Parte de mi niñez y adolescencia están marcados por interrupciones abruptas. Se trata de círculos que no llegaron a cerrarse, de puertas que se quedaron abiertas, de cristales rotos intempestivamente. Y cada etapa que se quedaba abierta, estaba sellada por el miedo y el silencio.

El miedo se presentó en camiones militares que aparecían de pronto, en la esquina de cualquier calle de la capital guatemalteca a realizar cateos, allanamientos y vejaciones. El miedo surgió en marchas marciales, por la radio, que interrumpían el curso de la vida para anunciar la sustitución de un jefe militar y la llegada de otro. El miedo estaba en cada cuadra, en el parque, camino a la escuela.

El miedo, después, tomó la forma de un general golpista que todos los domingos, por la noche, aparecía en la pantalla de televisión e invadía el hogar. Se dirigía directamente al público, como si estuviera en casa, y acusaba con el dedo y vociferaba y regañaba.

Con el paso de los años, aquel rostro reapareció una y otra vez y su presencia se convirtió en cotidianidad permanente. La misma voz, el mismo tono. La misma elocuencia. Sin embargo, el miedo dio lugar a la reflexión, al análisis y a la decisión definitiva de oponerme a lo que aquel hombre representaba y, sobre todo, a los intereses cupulares mezquinos y caducos que defendía.

Hace 10 años, el rostro transfigurado, desencajado, del hoy anciano militar, apareció en fotografías que rápidamente se propagaron por todo el mundo. Un juicio histórico lo había condenado a 80 años de prisión, al ser encontrado culpable de ordenar el genocidio de la etnia ixil guatemalteca.[1]

Sus ojos denotaban desorientación, trastorno. Se hallaba fuera de lugar, pues estaba atravesando una línea imaginaria que nunca sospechó cruzar: pasó del lado oscuro de la impunidad, al recién encendido foco de la justicia guatemalteca.

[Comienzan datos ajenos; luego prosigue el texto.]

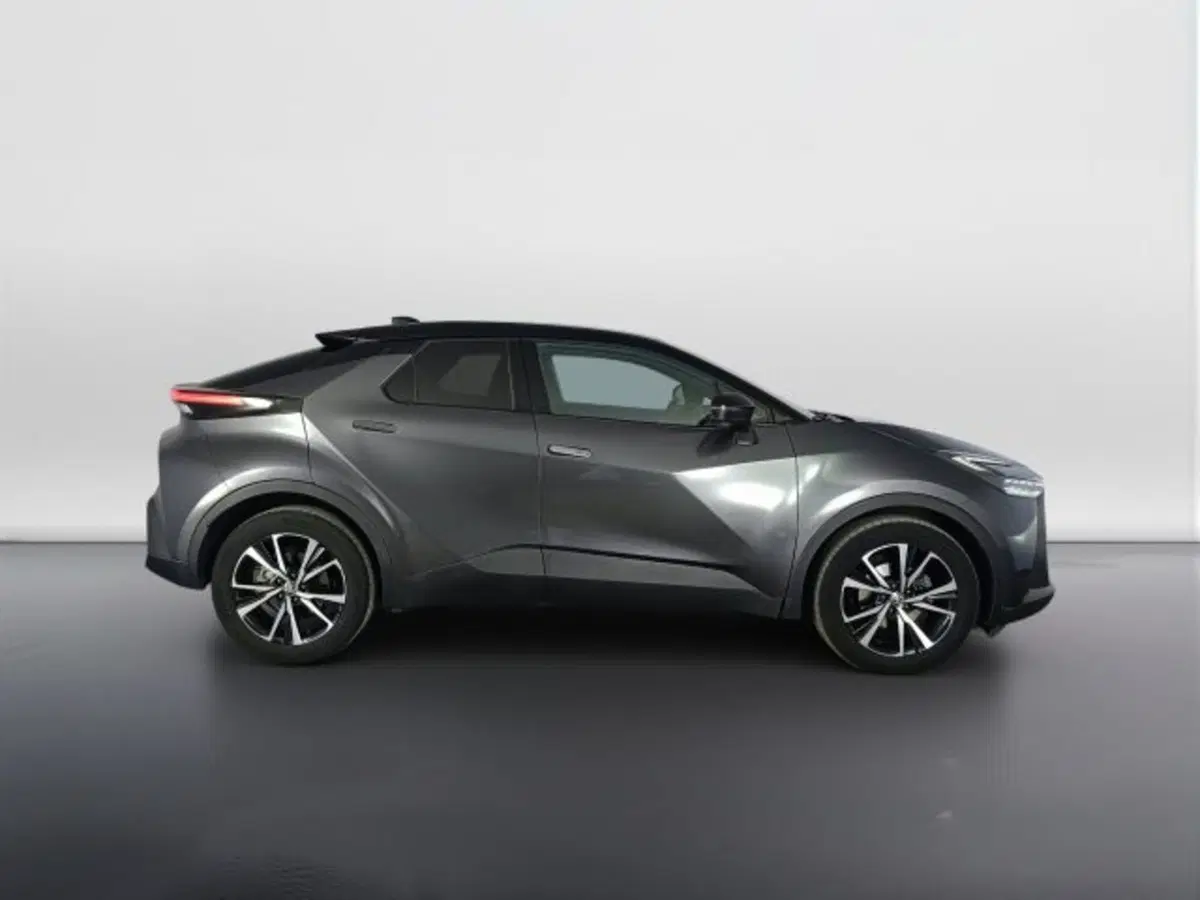 Toyota Toyota C-HR usata a Teramo (3)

La imagen me hizo recordar el tiempo del miedo, pero también el de la esperanza. Me hizo pensar en quienes tomaron un clavel alguna vez y marcharon por las calles o las carreteras de Guatemala. Me hizo pensar en quienes gritaron con el puño en alto, en quienes fueron asesinados y también en los que sobrevivieron. Me hizo pensar en quienes perdieron todos sus derechos y se quedaron sin nada y en quienes, hasta el final, siempre han creído que el verdadero cambio, en un país como Guatemala, es posible.

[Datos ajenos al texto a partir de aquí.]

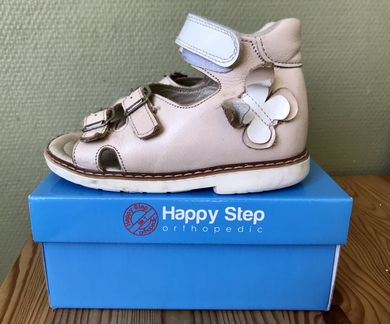 Сандалии ортопедические Happy Step 25 размер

La sentencia emitida tiene varias aristas. Por un lado, el general vivía su propio laberinto en una pequeña celda, en un cuartel militar. Él y su equipo de abogados intentaron, desde luego, modificar la sentencia y asistimos a la trágica cancelación del fallo y al intento por querer negar, una vez más, la historia.

Presenciamos esa realidad terrible en la que la justicia responde a los intereses del status quo, y se queda anclada en el pasado o responde al dictado de una clase que detenta el poder y que lo usa. Pero aun así, se trató de un intento vano, vacío, muerto, pues la historia no marcha nunca hacia atrás.

Por otro lado, debe darse valor a esa parte de la sentencia que tuvo que ver con el resarcimiento. No se trata de algo menor ni mucho menos.

Finalmente, no hay que pasar por alto que quienes utilizaron al general y lo pusieron allí —para que defendiera sus intereses y se manchara las manos de sangre, con su anuencia—, se han exhibido solos. La oligarquía de antes —y la de ahora—, también es culpable (lo cual obliga a prevenirse, pues siempre es probable el coletazo del monstruo herido).

Gracias a una fiscal merecedora del respeto y la admiración más profunda, gracias a la labor de jueces que actuaron de forma impecable y gracias al testimonio valiente de quienes subieron al estrado para hacernos más humanos, el delgado velo del silencio se ha roto, y en el rostro de Guatemala se asoma, una vez más, una veta de esperanza.